[[ Recorded data open ]]

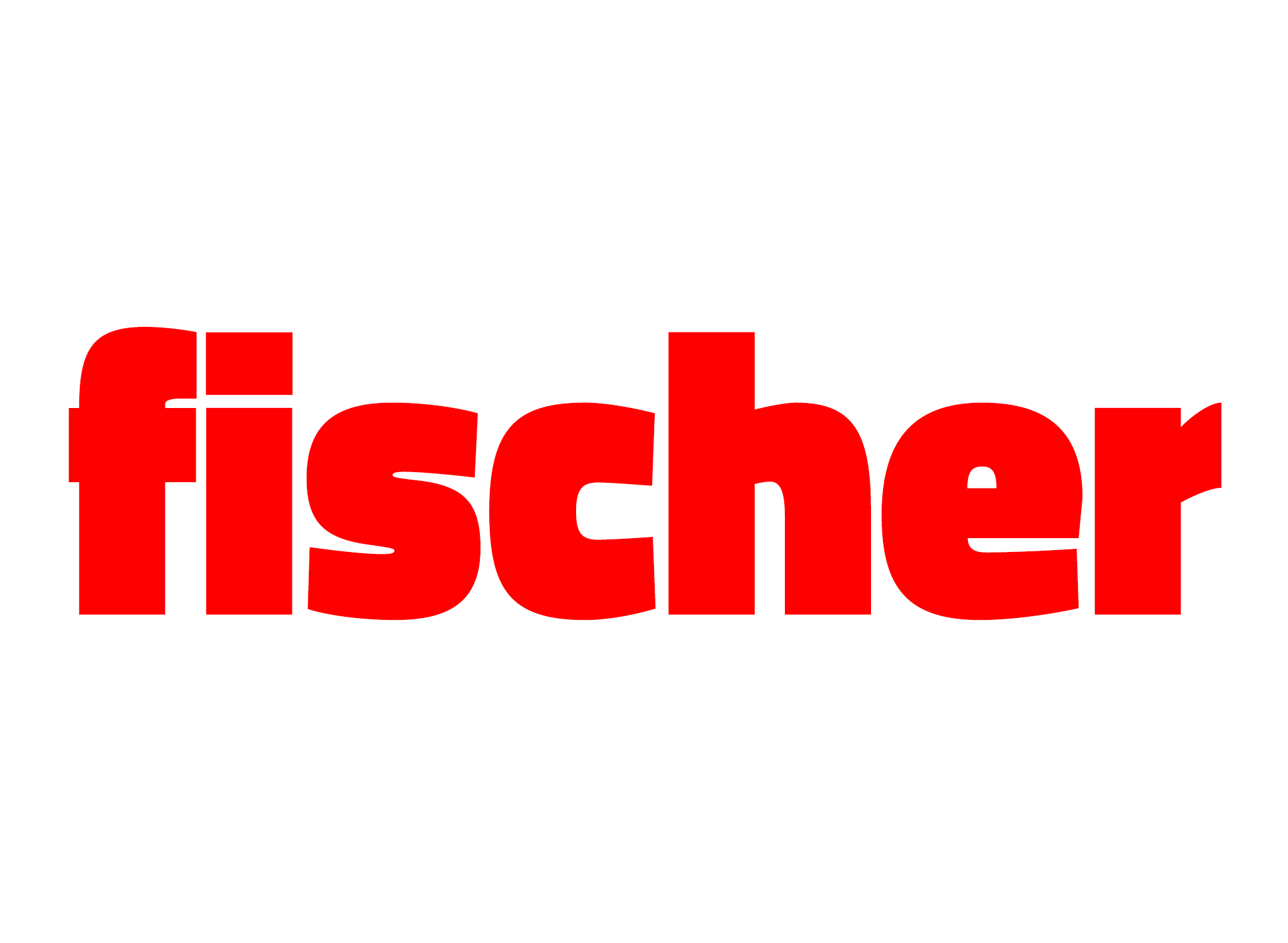 Fischer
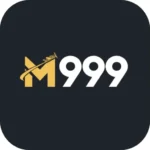 M999
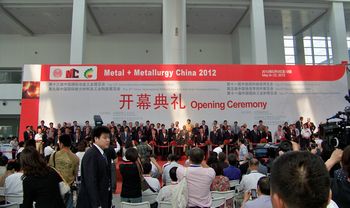 20120517100801638.jpg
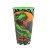 Dinoszaurusz Roar műanyag pohár 480 ml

[[ Recorded data closed ]]

Action item. The answer must be the lines above from the line that contains "20120517100801638.jpg" to the final line of the data, word for word, with no pictures.

Output of the task.
 20120517100801638.jpg
 Dinoszaurusz Roar műanyag pohár 480 ml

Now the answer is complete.